Brief regering : Verslag Raad voor Concurrentievermogen 28 en 29 november 2024
21 501-30 Raad voor Concurrentievermogen
Nr. 622
BRIEF VAN DE MINISTER VAN ECONOMISCHE ZAKEN
Aan de Voorzitter van de Tweede Kamer der Staten-Generaal
Den Haag, 16 december 2024
Op 28 en 29 november 2024 vond de Raad voor Concurrentievermogen plaats in Brussel.

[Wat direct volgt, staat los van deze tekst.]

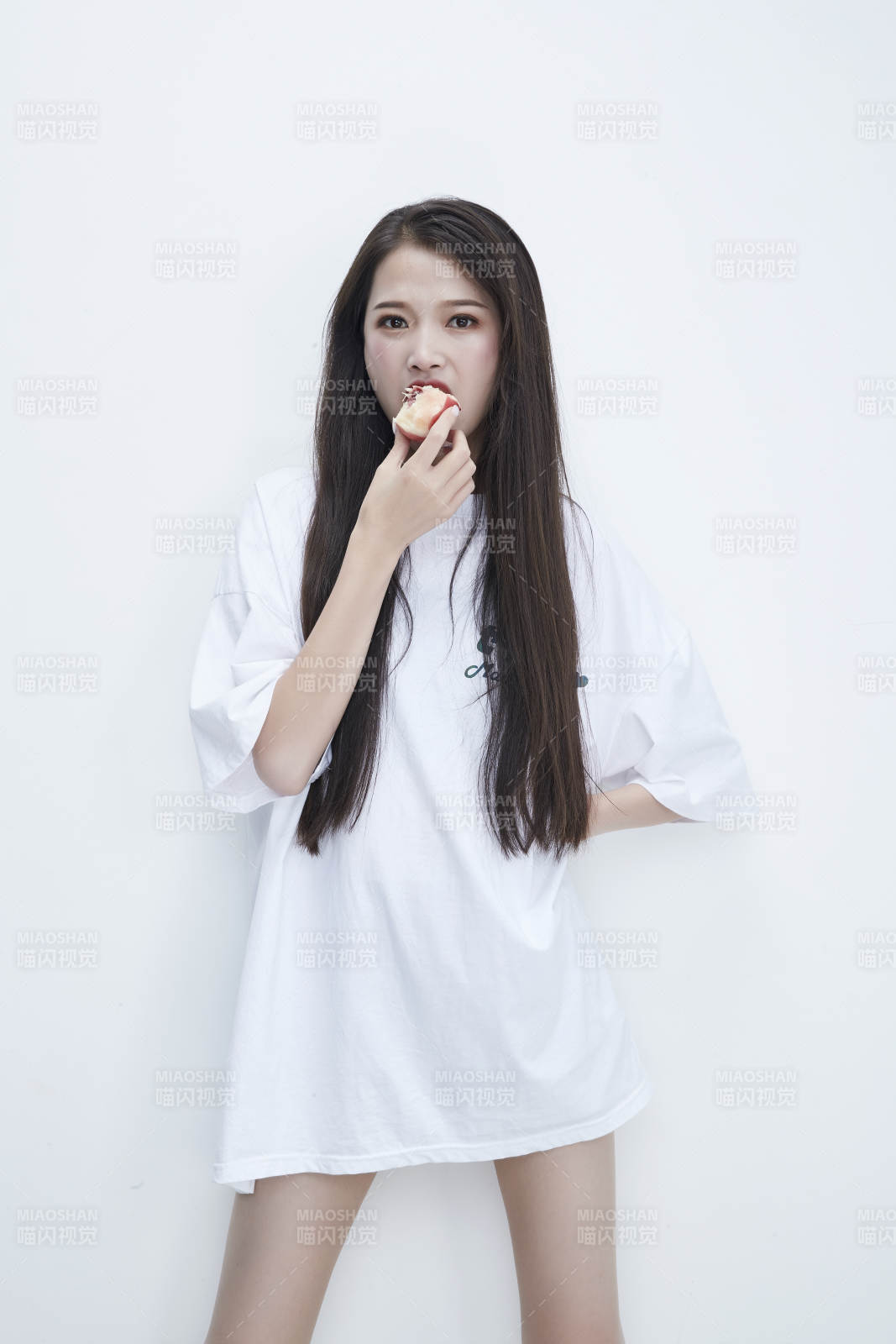 吃桃子的穿白色長T血衫的長發可愛少女人像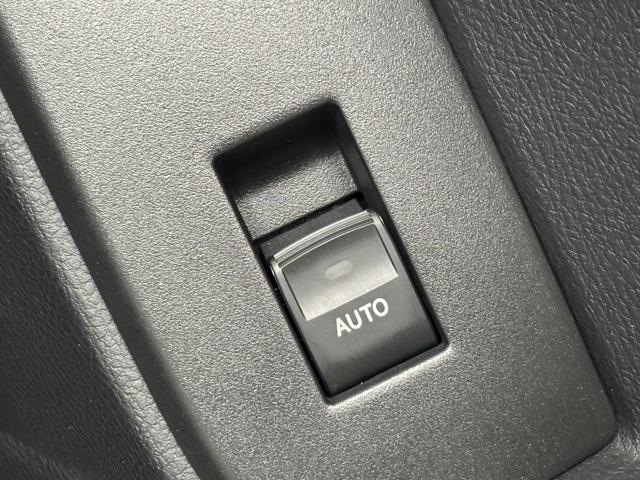 ランドクルーザープラド ＴＸ　Ｌパッケージ　ＴＲＤエアロ／サンルーフ／全周囲／ルーフレール／デルタフォース　オーバル１７インチＡＷ／黒革／純正９型ナビ地デジ／ダウンヒルアシスト／センターデフロック／ベンチレーション／追従クルコン／レーンキープ（43枚目）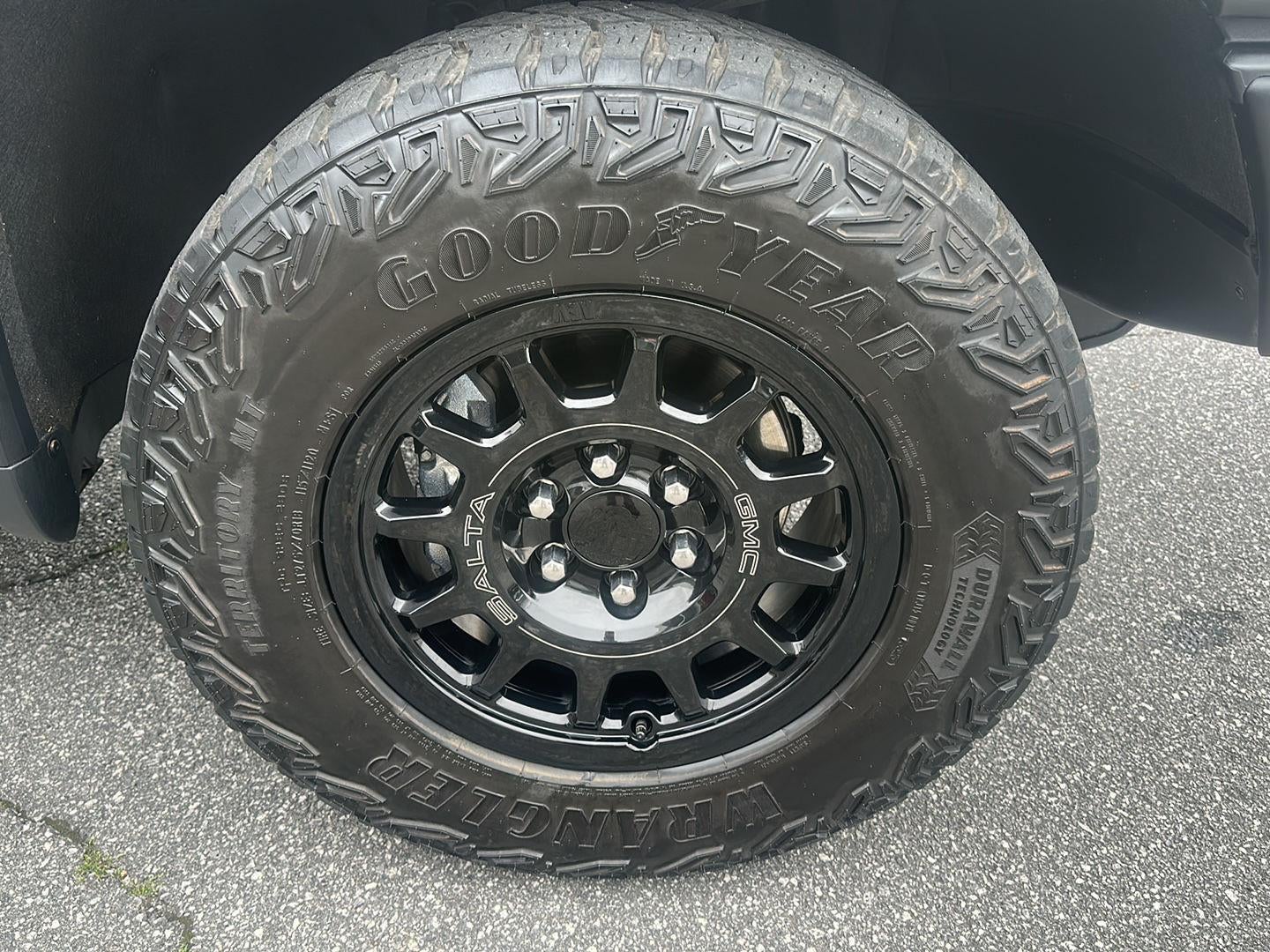 2024 GMC Sierra 1500 AT4X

Deze Raad stond in het teken van de onderdelen interne markt en industrie, ruimtevaart,
en onderzoek en innovatie. Met deze brief stuur ik u het verslag van de Raad. Het
onderdeel onderzoek en innovatie stuur ik u mede namens de Minister van Onderwijs,
Cultuur, en Wetenschap. Daarnaast maak ik van deze gelegenheid gebruik om de motie
van de leden Thijssen en Dassen af te doen (d.d. 27 november 2024)1. Tevens stuur ik u ter informatie twee papers over concurrentievermogen en digitale
economie die zullen worden gebruikt om in Europees verband gesprekken over deze thema’s
te voeren.
De Minister van Economische Zaken,
D.S. Beljaarts
Inleiding
De Raad voor Concurrentievermogen (hierna: Raad) op 28 en 29 november jl. stond in
het teken van drie onderdelen: 1. Interne markt en industrie op 28 november en 2.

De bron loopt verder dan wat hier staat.